Mrs. Cox quickly immersed herself into life in Circleville. She became involved with her church circles, many activities supporting Pumpkin Show, the historical society, gardening and later she became an active member/president of the Monday Club. After her beloved passed away, she went to work as the reference librarian at the Pickaway County Library and eventually became the director of the library until her retirement in 1986.

After retiring from the library, Mrs. Cox began volunteer work in the Ted Lewis Museum, which, as she said, “was a labor of love” because of her love of music from that era. Serving as a hostess and tour guide for the museum, she also served as the president of museum board until she “retired” in 1998.
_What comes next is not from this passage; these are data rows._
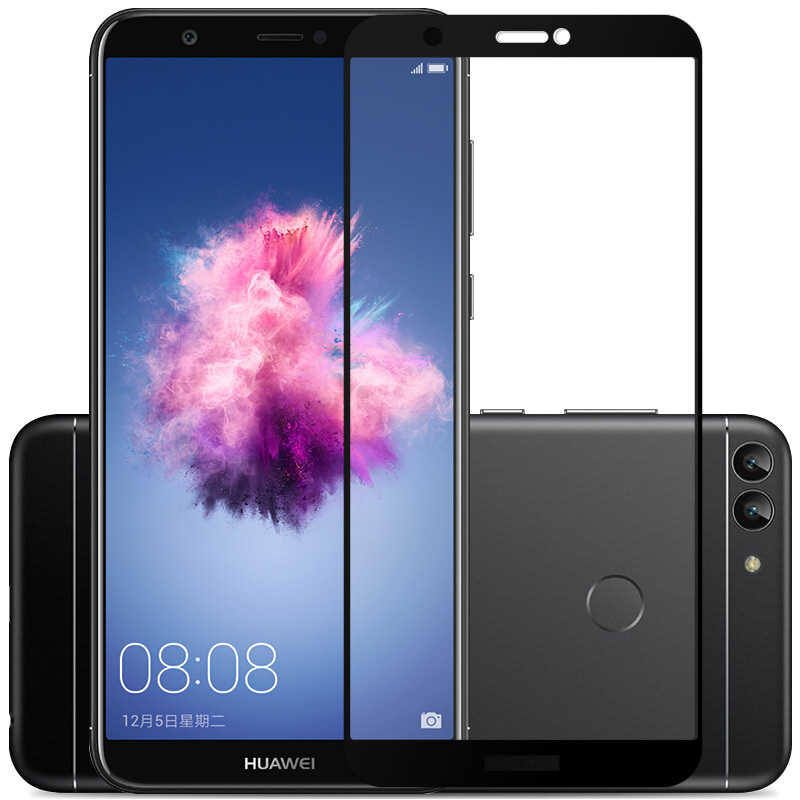 [RNZ-TA12407] Huawei P Smart Uyumlu Zore Kenarları Kırılmaya Dayanıklı Cam Ekran Koruyucu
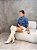 Bota Feminina Over Aline Off-White Camurça - Imagem 2
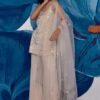 Silver hand embroidered sharara set 2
In addition, she traveled the world extensively. She was on one of the first tourist groups allowed into mainland China, was one of the first groups into East Germany after the wall came down. She rode the Orient Express, flew on a small plane to the top of a glacier in the Southern Hemisphere, visited Australia, New Zealand, Tahiti and almost all the countries of Europe.

She now spends her time between her home in Circleville and her son’s home in Texas.
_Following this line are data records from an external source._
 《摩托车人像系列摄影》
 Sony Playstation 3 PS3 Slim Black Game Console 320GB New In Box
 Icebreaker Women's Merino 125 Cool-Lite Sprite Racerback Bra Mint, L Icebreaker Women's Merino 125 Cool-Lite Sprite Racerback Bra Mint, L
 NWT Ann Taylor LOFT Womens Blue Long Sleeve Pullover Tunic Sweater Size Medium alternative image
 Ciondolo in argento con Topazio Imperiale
Family attending Mrs. Cox’s celebration included son, William Cox, of Arizona; and grandsons, Ian and Todd Cox, also of Arizona; son, Michael, and wife, Shirley (Thomas) Cox, of Texas; grandson, Brook Cox, and wife, Erinn Cox, of Cincinnati; their children, Sophia, Charlotte and William.

Also attending were step-grandson, John Peterson; his daughter, Emily; his fiancé, Susie Carroll; her daughter, Seryn Grant; as well as step-granddaughter, Melanie Conrad; and her son, Michael.

Plans are underway for the 105th!

Submitted by Sam Cox.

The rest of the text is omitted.